- Records for this exercise:

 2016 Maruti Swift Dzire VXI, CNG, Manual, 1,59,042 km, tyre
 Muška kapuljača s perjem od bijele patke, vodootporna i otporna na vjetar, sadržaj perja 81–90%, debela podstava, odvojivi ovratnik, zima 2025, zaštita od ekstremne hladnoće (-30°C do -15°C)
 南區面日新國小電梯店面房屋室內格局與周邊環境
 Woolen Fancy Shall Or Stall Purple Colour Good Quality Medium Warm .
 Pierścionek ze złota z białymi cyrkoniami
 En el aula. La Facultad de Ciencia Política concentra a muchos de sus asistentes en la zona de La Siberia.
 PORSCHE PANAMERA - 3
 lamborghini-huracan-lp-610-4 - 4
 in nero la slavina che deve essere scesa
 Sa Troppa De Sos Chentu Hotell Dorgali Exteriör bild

- Work request: Beginning with the very first line of the material above, give each line again exactly, ending with the line that contains "Woolen Fancy Shall".

- Response to this exercise:
 2016 Maruti Swift Dzire VXI, CNG, Manual, 1,59,042 km, tyre
 Muška kapuljača s perjem od bijele patke, vodootporna i otporna na vjetar, sadržaj perja 81–90%, debela podstava, odvojivi ovratnik, zima 2025, zaštita od ekstremne hladnoće (-30°C do -15°C)
 南區面日新國小電梯店面房屋室內格局與周邊環境
 Woolen Fancy Shall Or Stall Purple Colour Good Quality Medium Warm .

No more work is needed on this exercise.